Westminster has been urged to devolve powers over employment law to Scotland, so it can require bosses to give abuse victims time off if they leave their partner.
SNP activists at the party’s annual conference in Glasgow passed a motion saying the UK Government should either consider introducing such a law, or else hand the ability to do so to Holyrood.
It came after SNP MSP Gillian Martin said that an “abused person shouldn’t have to hope her managers will be understanding” when ending a relationship.
She told how New Zealand had introduce legislation requiring companies to give domestic abuse victims up to 10 days of leave from work, separate from annual holidays, if they leave their violent partner.
Parts of Canada also have similar protections, she added, before saying: “Our Scottish Parliament cannot at present implement this law.”
Proud to propose the resolution on Domestic Abuse with my friend @RBFMaguire seconding and with support from my own branch. 10 days leave for abuse survivors- NZ can do it- Scotland canât until devolution of employment law OR independence.
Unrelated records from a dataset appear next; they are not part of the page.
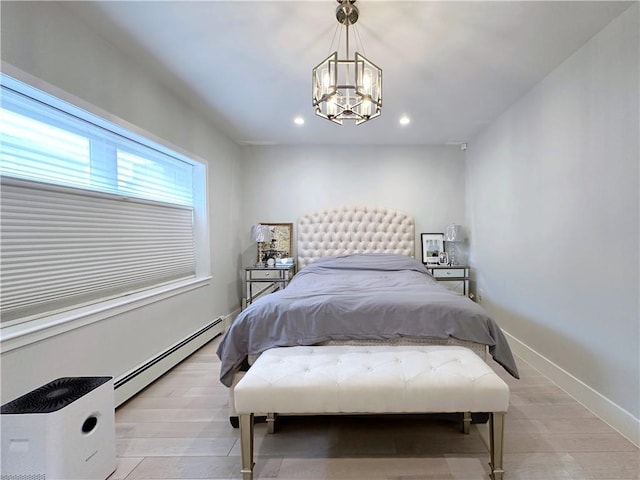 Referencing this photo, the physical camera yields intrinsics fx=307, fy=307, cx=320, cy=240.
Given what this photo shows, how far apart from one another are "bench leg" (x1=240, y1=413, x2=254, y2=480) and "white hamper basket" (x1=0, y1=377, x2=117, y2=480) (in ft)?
2.30

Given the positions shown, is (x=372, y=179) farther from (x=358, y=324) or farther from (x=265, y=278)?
(x=358, y=324)

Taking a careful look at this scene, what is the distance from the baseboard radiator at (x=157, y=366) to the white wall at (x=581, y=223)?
3.16 meters

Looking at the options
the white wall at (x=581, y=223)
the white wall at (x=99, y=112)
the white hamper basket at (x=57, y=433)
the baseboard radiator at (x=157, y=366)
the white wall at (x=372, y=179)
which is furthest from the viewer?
the white wall at (x=372, y=179)

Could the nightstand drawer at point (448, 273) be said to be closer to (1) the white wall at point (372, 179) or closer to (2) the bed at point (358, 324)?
(1) the white wall at point (372, 179)

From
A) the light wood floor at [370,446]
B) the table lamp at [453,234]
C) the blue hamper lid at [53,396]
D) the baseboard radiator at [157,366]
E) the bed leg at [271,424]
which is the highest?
the table lamp at [453,234]

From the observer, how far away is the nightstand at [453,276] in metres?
3.98

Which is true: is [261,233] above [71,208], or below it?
below

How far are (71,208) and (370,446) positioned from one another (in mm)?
2272

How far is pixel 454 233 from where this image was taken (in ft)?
13.4

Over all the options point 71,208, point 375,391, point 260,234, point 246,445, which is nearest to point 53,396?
point 246,445

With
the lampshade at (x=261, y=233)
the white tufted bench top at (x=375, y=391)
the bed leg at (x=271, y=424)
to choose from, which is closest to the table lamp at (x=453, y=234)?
the lampshade at (x=261, y=233)

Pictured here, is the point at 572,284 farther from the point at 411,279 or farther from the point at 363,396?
the point at 363,396

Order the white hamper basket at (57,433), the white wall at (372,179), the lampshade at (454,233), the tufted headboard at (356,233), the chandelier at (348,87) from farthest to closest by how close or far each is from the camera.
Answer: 1. the white wall at (372,179)
2. the tufted headboard at (356,233)
3. the lampshade at (454,233)
4. the chandelier at (348,87)
5. the white hamper basket at (57,433)

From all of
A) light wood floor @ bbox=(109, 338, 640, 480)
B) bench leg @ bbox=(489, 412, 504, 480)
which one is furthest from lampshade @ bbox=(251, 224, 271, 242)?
bench leg @ bbox=(489, 412, 504, 480) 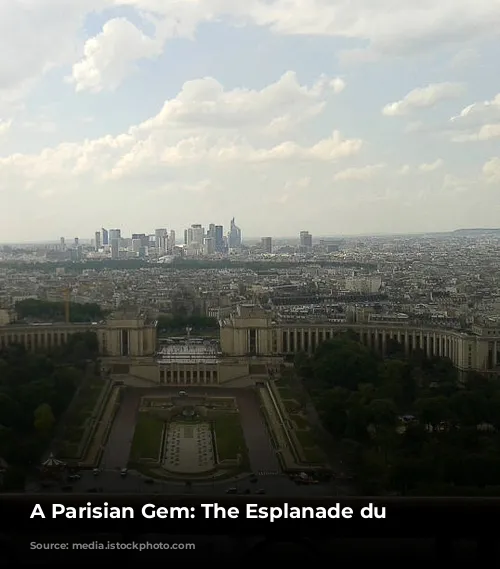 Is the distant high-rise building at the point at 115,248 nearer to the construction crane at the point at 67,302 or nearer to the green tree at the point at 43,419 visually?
the construction crane at the point at 67,302

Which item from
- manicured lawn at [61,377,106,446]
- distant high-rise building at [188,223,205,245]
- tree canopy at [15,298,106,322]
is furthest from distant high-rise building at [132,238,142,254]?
manicured lawn at [61,377,106,446]

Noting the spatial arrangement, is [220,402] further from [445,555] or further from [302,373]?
[445,555]

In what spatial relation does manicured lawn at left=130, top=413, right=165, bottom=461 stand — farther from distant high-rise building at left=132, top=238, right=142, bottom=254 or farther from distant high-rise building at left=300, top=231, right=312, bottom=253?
distant high-rise building at left=132, top=238, right=142, bottom=254

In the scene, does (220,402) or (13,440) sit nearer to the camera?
(13,440)

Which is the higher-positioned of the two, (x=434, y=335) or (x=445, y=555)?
(x=445, y=555)

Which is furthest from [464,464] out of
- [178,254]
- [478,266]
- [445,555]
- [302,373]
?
[178,254] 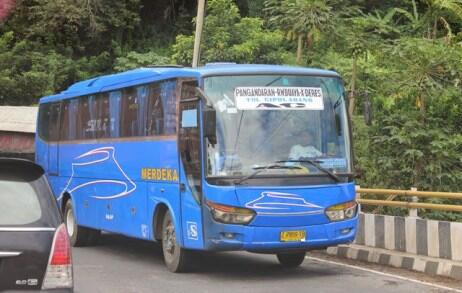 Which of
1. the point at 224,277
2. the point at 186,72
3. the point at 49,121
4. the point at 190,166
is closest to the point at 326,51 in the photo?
the point at 49,121

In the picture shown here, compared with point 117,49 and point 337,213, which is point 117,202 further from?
point 117,49

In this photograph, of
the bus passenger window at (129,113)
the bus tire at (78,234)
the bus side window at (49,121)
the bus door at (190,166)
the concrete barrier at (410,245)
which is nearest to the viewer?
the bus door at (190,166)

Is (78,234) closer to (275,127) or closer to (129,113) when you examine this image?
(129,113)

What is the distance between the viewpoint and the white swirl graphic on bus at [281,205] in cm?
959

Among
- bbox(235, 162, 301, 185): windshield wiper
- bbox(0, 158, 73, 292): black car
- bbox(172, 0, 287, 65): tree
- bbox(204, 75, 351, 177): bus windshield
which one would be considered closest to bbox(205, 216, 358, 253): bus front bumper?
bbox(235, 162, 301, 185): windshield wiper

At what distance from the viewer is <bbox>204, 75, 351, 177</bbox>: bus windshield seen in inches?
383

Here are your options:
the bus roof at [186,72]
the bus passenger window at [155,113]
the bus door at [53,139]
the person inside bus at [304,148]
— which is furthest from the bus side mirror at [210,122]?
the bus door at [53,139]

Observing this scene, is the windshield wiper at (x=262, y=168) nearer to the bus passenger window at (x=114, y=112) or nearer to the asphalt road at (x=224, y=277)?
the asphalt road at (x=224, y=277)

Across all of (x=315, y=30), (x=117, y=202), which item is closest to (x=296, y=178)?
(x=117, y=202)

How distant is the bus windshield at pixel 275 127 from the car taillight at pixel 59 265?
4652 millimetres

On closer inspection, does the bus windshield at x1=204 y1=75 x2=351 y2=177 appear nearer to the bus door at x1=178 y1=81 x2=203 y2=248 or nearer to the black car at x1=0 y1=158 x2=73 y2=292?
the bus door at x1=178 y1=81 x2=203 y2=248

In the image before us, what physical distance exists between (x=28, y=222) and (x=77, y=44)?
28502 mm

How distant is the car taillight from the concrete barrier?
641 cm

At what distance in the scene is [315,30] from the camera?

We need those powers NOW #SNP18 pic.twitter.com/ueZqVxBUUq— Gillian Martin (@GillianMSP) October 7, 2018
Ms Martin stated: “UK employment law lets women down the most, and as we all know domestic abuse affects women significantly more than men.
“To further protect people who want a life free from fear it is time to devolve employment law to the Parliament of Scotland’s people and let this party help them again.”
She added: “It takes much more than guts to leave an abusive partner, it takes money and work security to make it possible to see it through.
“The barriers to leaving are many, fear of being found by a partner, fear of retribution in whatever terrifying form that might take, fear of homelessness.
“Fear of losing your job or having your pay docked does not have to be in the mix.
“Leaving an abusive home is an emergency situation, if we remove the possibility of workplace sanctions for abuse survivors by law, we are making it more possible for them to leave.”
Ms Martin continued: “Our responses to domestic abuse have to cut across the whole of society, including the workplace.
“An abused person shouldn’t have to hope her managers will be understanding if she needs leave to deal with the aftermath of a life changing and usually very perilous decision. She should know she has these protections as she walks out the door.”